_Exercise prompt_
Please quote exactly the opening lines of the data, from the first line to the one where "Конференция по Wildberies" appears.

────────

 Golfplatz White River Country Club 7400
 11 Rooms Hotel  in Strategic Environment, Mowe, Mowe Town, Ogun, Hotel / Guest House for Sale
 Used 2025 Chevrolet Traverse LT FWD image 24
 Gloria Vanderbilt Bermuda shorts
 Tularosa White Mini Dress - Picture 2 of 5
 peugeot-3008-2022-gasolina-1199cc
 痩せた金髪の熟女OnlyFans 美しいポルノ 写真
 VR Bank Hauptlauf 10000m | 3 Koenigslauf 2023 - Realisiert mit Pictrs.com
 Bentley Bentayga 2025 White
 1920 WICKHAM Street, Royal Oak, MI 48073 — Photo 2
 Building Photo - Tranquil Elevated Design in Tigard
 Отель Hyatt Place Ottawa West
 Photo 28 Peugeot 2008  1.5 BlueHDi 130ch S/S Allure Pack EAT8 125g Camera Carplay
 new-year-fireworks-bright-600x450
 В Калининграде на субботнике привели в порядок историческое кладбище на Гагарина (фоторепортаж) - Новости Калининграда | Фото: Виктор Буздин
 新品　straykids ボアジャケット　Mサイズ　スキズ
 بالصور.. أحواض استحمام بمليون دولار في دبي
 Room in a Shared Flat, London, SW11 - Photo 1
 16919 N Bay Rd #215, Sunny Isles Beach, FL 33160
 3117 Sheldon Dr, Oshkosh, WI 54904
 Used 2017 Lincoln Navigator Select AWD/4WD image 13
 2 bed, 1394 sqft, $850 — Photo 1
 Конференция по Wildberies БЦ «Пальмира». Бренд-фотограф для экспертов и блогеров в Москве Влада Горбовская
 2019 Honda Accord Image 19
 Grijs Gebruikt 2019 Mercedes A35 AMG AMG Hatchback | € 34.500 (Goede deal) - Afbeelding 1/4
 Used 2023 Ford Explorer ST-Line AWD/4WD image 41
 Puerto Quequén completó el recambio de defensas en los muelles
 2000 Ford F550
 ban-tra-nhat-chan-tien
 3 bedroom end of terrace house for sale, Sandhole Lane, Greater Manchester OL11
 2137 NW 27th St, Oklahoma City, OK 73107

────────

_Solution for this exercise_
 Golfplatz White River Country Club 7400
 11 Rooms Hotel  in Strategic Environment, Mowe, Mowe Town, Ogun, Hotel / Guest House for Sale
 Used 2025 Chevrolet Traverse LT FWD image 24
 Gloria Vanderbilt Bermuda shorts
 Tularosa White Mini Dress - Picture 2 of 5
 peugeot-3008-2022-gasolina-1199cc
 痩せた金髪の熟女OnlyFans 美しいポルノ 写真
 VR Bank Hauptlauf 10000m | 3 Koenigslauf 2023 - Realisiert mit Pictrs.com
 Bentley Bentayga 2025 White
 1920 WICKHAM Street, Royal Oak, MI 48073 — Photo 2
 Building Photo - Tranquil Elevated Design in Tigard
 Отель Hyatt Place Ottawa West
 Photo 28 Peugeot 2008  1.5 BlueHDi 130ch S/S Allure Pack EAT8 125g Camera Carplay
 new-year-fireworks-bright-600x450
 В Калининграде на субботнике привели в порядок историческое кладбище на Гагарина (фоторепортаж) - Новости Калининграда | Фото: Виктор Буздин
 新品　straykids ボアジャケット　Mサイズ　スキズ
 بالصور.. أحواض استحمام بمليون دولار في دبي
 Room in a Shared Flat, London, SW11 - Photo 1
 16919 N Bay Rd #215, Sunny Isles Beach, FL 33160
 3117 Sheldon Dr, Oshkosh, WI 54904
 Used 2017 Lincoln Navigator Select AWD/4WD image 13
 2 bed, 1394 sqft, $850 — Photo 1
 Конференция по Wildberies БЦ «Пальмира». Бренд-фотограф для экспертов и блогеров в Москве Влада Горбовская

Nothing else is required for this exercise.